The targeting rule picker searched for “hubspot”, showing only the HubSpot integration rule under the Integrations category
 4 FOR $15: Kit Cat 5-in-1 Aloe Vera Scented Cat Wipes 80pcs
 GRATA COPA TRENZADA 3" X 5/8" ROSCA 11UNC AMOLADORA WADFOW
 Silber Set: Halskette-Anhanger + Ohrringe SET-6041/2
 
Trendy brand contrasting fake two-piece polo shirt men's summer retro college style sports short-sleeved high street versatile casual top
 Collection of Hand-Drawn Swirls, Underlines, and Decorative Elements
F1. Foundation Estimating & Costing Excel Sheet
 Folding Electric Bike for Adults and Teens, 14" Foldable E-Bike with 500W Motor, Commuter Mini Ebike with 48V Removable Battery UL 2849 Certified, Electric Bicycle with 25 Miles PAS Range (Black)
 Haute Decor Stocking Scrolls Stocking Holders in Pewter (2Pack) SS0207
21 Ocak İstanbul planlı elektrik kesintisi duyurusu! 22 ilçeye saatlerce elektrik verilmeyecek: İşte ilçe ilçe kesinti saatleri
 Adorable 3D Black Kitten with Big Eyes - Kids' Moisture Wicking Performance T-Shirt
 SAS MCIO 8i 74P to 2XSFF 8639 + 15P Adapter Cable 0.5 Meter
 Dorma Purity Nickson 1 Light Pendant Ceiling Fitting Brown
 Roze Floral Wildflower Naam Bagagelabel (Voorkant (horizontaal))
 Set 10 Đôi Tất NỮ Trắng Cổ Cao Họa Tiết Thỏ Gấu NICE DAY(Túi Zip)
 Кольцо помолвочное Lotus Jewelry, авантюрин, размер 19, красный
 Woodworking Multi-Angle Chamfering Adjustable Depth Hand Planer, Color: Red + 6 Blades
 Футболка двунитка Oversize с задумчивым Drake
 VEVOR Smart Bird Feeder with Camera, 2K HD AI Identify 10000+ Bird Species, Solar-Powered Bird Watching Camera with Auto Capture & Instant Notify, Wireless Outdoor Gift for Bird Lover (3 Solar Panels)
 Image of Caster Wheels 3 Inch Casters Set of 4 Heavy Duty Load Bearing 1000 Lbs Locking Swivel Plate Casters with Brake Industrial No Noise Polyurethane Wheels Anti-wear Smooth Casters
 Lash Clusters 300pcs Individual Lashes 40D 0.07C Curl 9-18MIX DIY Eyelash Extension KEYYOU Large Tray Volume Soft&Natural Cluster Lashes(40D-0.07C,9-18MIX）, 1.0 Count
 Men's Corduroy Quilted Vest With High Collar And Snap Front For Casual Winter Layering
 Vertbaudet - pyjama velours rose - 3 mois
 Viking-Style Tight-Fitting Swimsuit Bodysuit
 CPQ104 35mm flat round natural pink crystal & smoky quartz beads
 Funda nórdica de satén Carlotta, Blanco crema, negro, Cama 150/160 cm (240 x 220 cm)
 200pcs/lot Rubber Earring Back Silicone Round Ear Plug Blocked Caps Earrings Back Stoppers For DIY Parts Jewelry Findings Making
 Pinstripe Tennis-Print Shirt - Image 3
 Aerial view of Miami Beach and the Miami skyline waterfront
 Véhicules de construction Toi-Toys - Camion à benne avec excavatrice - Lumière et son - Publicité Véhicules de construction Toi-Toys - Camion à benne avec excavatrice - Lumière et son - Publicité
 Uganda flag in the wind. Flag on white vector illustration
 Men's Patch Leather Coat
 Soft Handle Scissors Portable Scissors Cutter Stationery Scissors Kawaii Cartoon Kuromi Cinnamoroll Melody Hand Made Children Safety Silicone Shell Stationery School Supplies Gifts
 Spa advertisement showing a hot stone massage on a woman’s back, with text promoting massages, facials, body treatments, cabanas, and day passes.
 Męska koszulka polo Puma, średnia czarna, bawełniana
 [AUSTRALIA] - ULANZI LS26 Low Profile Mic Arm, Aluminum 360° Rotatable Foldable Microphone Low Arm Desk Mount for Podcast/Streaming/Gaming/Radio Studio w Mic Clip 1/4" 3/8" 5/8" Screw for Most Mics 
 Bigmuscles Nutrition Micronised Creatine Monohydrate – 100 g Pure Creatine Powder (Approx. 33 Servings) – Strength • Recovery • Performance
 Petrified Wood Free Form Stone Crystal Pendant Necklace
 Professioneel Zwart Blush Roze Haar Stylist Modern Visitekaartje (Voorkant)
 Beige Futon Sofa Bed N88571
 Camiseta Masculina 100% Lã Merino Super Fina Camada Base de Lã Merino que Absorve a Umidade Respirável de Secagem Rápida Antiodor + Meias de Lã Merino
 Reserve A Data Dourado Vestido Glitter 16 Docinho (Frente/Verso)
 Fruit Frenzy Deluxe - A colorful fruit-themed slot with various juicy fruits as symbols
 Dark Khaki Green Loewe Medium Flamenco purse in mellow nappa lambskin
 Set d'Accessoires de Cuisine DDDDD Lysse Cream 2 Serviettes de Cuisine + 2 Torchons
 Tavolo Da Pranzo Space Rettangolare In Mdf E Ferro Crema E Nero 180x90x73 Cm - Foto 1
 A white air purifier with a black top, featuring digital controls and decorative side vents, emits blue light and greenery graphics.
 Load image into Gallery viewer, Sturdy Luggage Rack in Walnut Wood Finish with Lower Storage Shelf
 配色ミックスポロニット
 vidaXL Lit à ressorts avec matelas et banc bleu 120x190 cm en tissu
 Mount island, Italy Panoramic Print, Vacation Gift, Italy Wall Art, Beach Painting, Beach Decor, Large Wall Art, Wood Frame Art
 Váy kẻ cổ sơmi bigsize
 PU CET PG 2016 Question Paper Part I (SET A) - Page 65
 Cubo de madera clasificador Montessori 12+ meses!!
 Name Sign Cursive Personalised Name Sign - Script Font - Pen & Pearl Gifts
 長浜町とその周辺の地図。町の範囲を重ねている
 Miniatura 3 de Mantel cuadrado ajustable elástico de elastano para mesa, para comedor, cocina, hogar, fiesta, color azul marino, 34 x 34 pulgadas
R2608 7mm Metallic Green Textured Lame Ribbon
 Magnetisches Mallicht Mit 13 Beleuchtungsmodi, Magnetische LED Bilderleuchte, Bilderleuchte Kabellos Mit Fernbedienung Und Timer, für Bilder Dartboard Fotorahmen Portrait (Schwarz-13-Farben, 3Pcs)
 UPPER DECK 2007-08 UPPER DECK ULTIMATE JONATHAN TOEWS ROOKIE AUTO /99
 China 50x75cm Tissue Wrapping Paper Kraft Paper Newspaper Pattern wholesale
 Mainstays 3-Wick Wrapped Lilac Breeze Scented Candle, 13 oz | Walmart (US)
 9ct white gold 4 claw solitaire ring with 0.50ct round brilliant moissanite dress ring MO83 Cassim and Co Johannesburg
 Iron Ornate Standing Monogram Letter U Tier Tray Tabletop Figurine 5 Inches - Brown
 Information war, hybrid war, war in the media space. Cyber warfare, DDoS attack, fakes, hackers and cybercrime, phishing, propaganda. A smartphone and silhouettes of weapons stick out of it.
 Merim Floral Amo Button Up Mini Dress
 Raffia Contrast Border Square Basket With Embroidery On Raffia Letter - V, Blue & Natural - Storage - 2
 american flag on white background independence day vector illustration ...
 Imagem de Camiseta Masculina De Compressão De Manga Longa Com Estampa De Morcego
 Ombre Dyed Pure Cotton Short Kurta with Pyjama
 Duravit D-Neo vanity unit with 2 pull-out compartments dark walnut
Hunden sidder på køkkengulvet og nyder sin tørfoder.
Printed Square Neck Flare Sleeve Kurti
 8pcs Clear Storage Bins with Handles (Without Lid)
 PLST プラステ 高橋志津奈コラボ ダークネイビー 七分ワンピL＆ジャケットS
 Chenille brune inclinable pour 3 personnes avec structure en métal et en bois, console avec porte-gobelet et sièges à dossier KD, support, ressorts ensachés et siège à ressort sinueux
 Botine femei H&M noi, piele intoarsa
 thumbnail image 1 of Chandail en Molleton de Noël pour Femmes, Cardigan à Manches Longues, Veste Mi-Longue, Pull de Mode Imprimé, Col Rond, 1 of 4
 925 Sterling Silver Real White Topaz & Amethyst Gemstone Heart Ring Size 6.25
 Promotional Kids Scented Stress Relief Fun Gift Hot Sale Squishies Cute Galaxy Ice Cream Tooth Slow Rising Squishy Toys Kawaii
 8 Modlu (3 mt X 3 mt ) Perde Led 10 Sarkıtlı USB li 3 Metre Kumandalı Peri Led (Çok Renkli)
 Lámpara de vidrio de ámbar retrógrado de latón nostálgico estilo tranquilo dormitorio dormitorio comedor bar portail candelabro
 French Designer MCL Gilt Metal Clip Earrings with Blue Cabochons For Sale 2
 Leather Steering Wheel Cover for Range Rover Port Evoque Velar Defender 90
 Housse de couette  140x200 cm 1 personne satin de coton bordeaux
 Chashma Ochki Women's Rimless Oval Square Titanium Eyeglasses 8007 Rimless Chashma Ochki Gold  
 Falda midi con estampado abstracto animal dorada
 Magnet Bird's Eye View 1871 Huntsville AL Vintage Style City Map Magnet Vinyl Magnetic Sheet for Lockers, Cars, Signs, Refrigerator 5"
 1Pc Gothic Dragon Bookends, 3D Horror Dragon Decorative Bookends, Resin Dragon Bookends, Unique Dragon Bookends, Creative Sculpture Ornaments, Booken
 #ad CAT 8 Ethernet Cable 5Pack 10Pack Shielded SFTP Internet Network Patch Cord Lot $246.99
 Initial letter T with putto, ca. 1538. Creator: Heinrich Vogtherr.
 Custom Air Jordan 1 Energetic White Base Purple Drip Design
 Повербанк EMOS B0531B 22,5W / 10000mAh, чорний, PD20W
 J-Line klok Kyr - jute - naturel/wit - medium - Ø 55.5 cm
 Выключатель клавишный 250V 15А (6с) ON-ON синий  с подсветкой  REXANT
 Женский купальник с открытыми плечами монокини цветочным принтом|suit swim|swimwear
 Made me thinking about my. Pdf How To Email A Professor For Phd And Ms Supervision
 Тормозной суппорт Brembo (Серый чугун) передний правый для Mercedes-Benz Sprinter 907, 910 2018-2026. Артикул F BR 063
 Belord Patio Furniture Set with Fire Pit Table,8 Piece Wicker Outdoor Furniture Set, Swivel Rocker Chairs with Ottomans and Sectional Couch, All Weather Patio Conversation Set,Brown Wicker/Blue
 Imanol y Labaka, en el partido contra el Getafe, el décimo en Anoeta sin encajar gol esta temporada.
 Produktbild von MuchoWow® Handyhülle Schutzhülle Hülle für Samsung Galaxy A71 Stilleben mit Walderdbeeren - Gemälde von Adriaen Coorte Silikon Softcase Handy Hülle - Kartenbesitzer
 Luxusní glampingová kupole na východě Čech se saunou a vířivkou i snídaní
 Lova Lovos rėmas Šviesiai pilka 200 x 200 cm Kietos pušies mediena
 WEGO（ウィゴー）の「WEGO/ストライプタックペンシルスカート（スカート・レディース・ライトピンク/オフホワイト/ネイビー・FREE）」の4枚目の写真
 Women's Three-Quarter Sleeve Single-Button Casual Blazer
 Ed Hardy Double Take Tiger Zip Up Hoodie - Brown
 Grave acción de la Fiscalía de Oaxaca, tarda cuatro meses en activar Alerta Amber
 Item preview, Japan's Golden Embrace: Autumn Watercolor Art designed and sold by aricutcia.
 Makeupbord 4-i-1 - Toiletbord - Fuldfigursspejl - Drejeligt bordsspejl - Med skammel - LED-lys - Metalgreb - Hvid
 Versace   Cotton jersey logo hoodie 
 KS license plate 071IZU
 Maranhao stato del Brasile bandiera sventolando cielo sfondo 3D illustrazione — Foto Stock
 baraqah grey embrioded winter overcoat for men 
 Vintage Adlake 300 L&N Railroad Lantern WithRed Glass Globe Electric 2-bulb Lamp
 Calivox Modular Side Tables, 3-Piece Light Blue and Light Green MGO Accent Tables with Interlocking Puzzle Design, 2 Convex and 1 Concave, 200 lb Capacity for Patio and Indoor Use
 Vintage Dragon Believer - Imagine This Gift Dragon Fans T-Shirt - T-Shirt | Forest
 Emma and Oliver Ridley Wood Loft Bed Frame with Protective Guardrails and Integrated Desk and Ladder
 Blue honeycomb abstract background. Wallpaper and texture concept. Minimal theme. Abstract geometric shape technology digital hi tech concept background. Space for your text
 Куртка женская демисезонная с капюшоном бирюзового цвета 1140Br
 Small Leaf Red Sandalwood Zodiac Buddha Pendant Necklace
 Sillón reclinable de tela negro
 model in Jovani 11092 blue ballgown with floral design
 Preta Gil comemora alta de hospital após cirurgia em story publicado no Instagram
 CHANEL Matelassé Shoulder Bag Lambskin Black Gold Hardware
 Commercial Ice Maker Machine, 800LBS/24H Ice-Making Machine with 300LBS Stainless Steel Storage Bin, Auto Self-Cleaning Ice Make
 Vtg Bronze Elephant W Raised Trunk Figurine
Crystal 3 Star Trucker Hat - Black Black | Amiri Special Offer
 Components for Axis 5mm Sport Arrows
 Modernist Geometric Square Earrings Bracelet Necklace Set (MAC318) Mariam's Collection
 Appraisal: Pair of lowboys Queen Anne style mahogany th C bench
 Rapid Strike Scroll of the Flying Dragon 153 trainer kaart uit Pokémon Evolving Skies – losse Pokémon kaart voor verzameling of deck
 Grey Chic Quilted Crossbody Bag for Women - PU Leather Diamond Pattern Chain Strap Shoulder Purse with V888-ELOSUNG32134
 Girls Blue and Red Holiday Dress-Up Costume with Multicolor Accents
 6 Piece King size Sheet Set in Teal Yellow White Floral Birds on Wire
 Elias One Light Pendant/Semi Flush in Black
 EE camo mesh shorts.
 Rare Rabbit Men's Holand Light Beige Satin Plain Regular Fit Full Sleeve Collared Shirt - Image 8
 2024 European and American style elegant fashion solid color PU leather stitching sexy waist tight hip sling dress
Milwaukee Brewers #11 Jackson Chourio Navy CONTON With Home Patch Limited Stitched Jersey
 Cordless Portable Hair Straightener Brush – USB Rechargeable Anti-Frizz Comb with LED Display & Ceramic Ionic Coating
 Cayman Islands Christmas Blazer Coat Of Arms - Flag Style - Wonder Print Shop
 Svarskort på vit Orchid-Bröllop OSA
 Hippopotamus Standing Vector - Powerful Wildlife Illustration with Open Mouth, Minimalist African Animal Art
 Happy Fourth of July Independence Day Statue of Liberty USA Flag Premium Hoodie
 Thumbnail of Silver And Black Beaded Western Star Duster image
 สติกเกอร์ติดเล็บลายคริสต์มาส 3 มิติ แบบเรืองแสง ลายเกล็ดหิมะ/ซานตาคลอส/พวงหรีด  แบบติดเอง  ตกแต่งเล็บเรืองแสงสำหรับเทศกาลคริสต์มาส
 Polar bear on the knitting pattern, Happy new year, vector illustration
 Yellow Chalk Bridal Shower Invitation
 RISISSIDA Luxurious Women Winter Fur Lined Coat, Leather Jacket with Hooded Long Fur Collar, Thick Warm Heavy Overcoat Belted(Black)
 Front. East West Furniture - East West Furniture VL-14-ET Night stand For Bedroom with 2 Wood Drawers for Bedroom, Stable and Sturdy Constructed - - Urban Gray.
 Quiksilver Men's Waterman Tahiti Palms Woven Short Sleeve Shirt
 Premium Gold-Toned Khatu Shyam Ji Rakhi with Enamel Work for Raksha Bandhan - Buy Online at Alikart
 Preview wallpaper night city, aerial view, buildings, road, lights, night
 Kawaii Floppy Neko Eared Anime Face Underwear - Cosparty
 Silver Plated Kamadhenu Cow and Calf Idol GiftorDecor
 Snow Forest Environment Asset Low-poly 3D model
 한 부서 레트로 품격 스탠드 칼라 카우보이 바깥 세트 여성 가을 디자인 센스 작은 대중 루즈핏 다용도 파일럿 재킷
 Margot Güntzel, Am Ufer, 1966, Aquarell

++++++

Bring together all lines from the listing that contain the word "comedor".

Task result:
 Miniatura 3 de Mantel cuadrado ajustable elástico de elastano para mesa, para comedor, cocina, hogar, fiesta, color azul marino, 34 x 34 pulgadas
 Lámpara de vidrio de ámbar retrógrado de latón nostálgico estilo tranquilo dormitorio dormitorio comedor bar portail candelabro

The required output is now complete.